What is being asked: Without the pictures, write out all the lines below exactly as they appear.

━━━

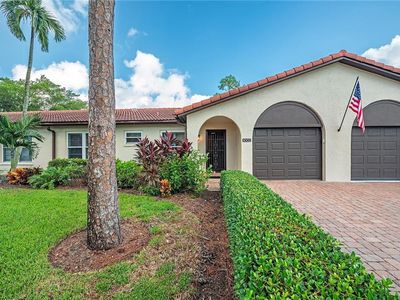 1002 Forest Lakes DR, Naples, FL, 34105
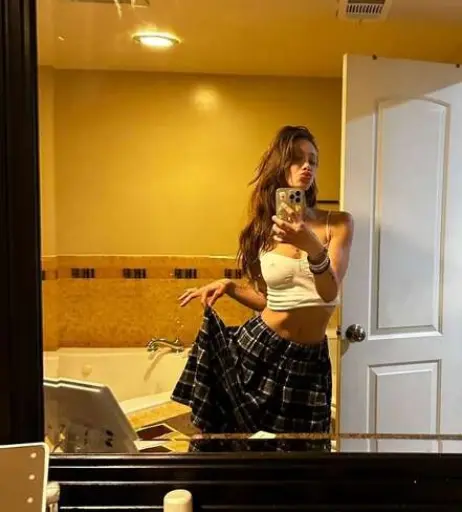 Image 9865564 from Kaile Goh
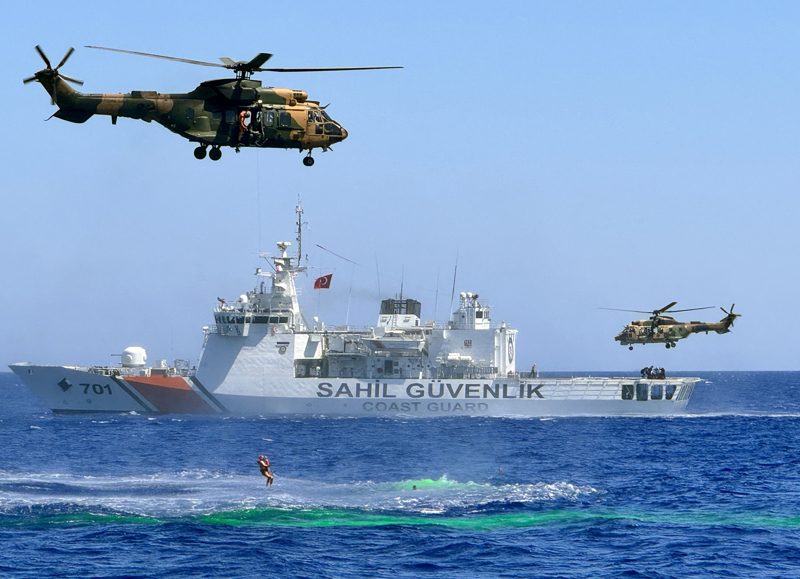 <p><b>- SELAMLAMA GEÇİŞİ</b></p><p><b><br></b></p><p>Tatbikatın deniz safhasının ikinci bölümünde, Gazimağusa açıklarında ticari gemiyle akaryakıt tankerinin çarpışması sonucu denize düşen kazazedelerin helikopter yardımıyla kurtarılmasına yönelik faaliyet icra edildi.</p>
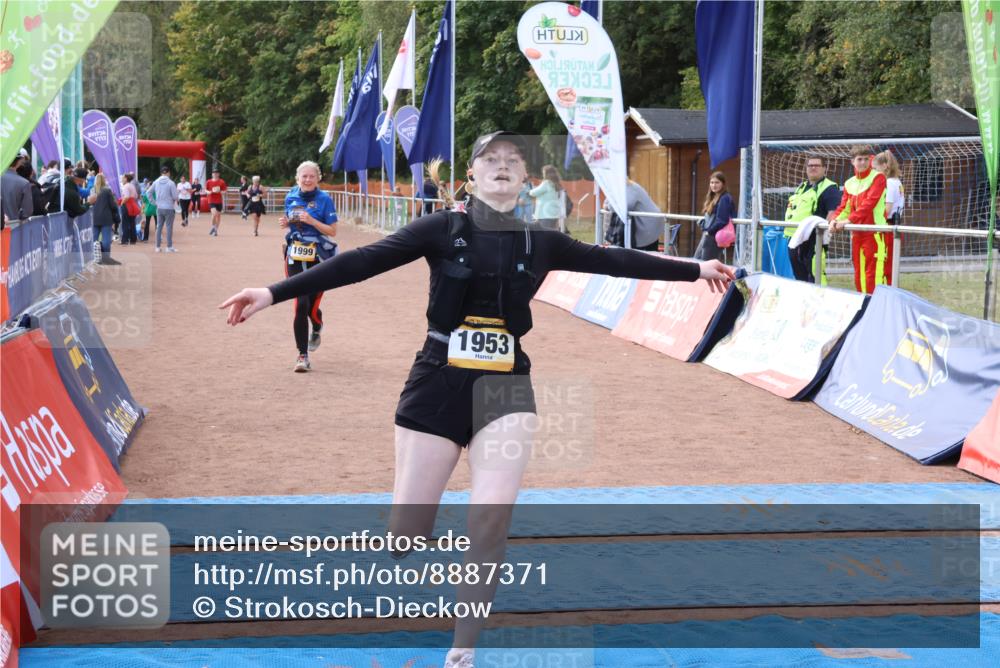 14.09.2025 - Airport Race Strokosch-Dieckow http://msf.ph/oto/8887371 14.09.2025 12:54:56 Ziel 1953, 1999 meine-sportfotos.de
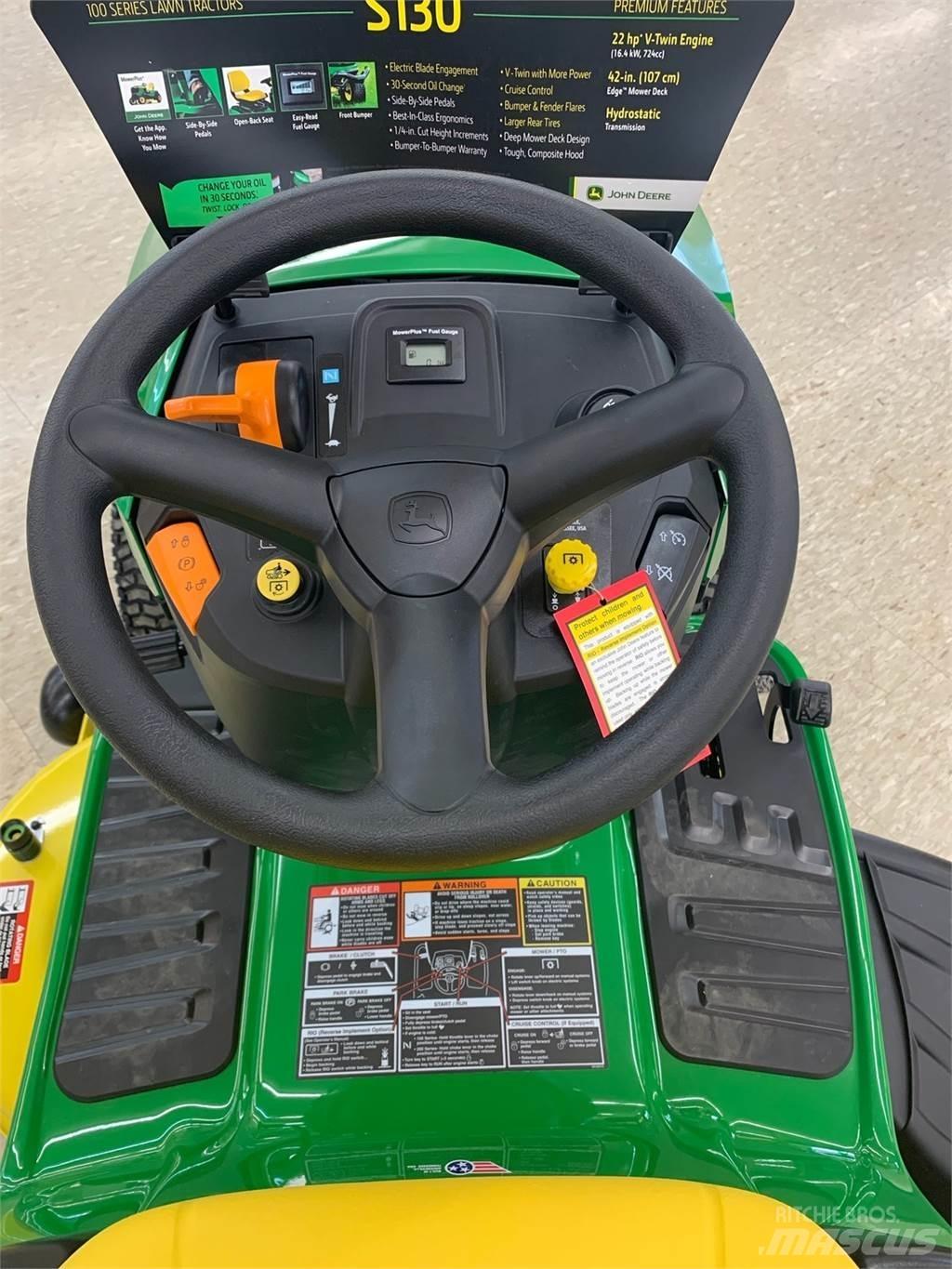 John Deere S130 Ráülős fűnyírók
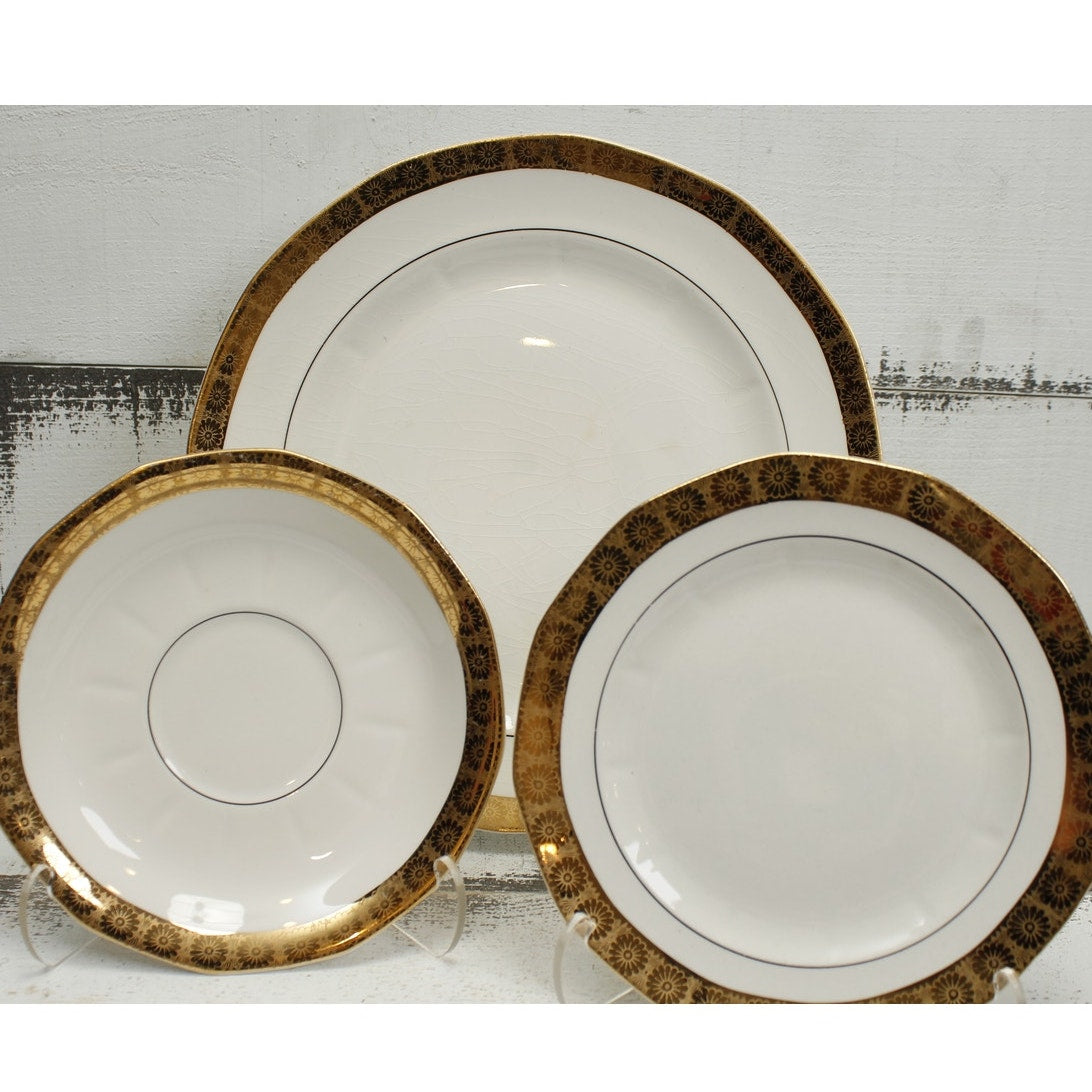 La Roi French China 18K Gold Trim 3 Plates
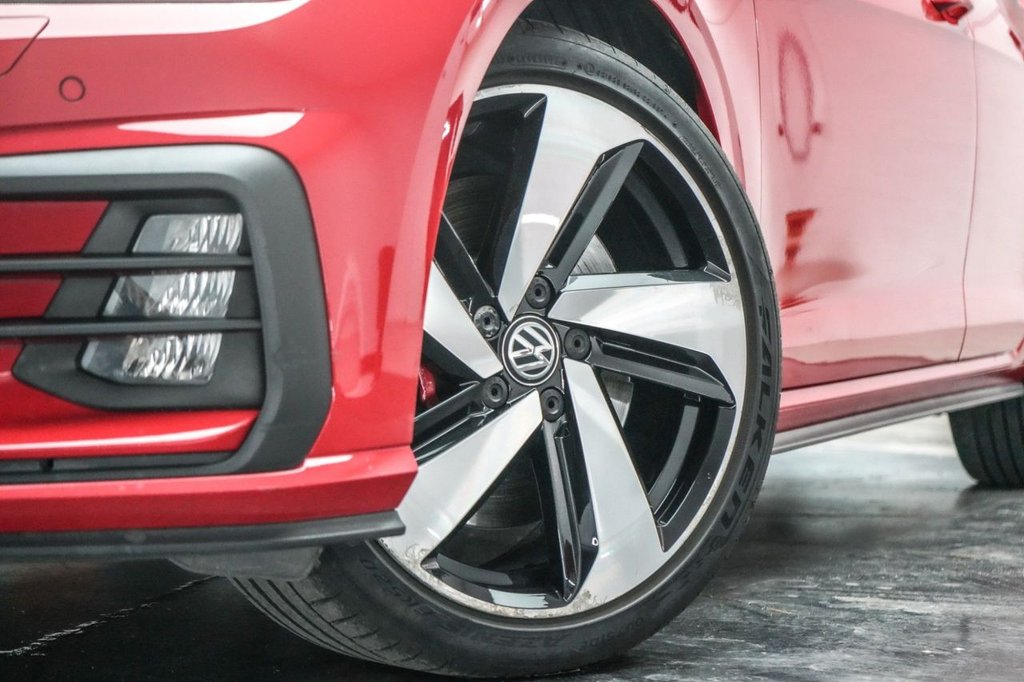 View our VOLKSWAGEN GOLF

━━━

Reply:
 1002 Forest Lakes DR, Naples, FL, 34105
 Image 9865564 from Kaile Goh
 <p><b>- SELAMLAMA GEÇİŞİ</b></p><p><b><br></b></p><p>Tatbikatın deniz safhasının ikinci bölümünde, Gazimağusa açıklarında ticari gemiyle akaryakıt tankerinin çarpışması sonucu denize düşen kazazedelerin helikopter yardımıyla kurtarılmasına yönelik faaliyet icra edildi.</p>
 14.09.2025 - Airport Race Strokosch-Dieckow http://msf.ph/oto/8887371 14.09.2025 12:54:56 Ziel 1953, 1999 meine-sportfotos.de
 John Deere S130 Ráülős fűnyírók
 La Roi French China 18K Gold Trim 3 Plates
 View our VOLKSWAGEN GOLF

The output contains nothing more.